What you are asked to do:
This exercise asks for every line of the material that contains the word "Black".

[Opening Information section]

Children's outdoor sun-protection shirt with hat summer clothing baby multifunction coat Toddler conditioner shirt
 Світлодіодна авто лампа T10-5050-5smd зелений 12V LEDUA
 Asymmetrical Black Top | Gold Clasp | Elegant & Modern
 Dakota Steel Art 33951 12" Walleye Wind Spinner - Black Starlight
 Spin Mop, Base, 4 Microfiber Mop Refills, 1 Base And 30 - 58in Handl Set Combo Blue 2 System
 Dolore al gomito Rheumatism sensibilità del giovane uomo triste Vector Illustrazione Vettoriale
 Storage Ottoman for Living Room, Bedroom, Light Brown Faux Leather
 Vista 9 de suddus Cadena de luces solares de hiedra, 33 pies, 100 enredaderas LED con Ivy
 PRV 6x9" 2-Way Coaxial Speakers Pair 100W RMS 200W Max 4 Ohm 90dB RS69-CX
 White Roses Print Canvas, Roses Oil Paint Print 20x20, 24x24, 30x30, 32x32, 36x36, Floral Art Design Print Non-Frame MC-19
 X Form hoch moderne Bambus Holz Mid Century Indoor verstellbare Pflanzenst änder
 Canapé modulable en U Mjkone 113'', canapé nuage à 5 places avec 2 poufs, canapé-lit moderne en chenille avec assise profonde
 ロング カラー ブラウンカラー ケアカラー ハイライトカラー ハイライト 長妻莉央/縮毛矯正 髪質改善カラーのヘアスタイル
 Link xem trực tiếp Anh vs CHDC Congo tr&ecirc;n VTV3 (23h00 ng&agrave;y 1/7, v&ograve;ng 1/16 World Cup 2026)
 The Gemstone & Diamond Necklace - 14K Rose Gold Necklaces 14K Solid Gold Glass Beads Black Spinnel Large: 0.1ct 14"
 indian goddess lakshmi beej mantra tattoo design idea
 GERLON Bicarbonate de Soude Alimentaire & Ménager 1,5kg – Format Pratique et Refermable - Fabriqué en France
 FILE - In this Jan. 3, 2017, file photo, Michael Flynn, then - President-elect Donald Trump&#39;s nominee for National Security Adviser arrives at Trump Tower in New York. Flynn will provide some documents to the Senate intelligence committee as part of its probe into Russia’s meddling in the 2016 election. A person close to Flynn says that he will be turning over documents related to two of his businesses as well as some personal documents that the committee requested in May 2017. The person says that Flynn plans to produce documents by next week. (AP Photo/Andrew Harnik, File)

[Closing Information section]

Written response:
 Asymmetrical Black Top | Gold Clasp | Elegant & Modern
 Dakota Steel Art 33951 12" Walleye Wind Spinner - Black Starlight
 The Gemstone & Diamond Necklace - 14K Rose Gold Necklaces 14K Solid Gold Glass Beads Black Spinnel Large: 0.1ct 14"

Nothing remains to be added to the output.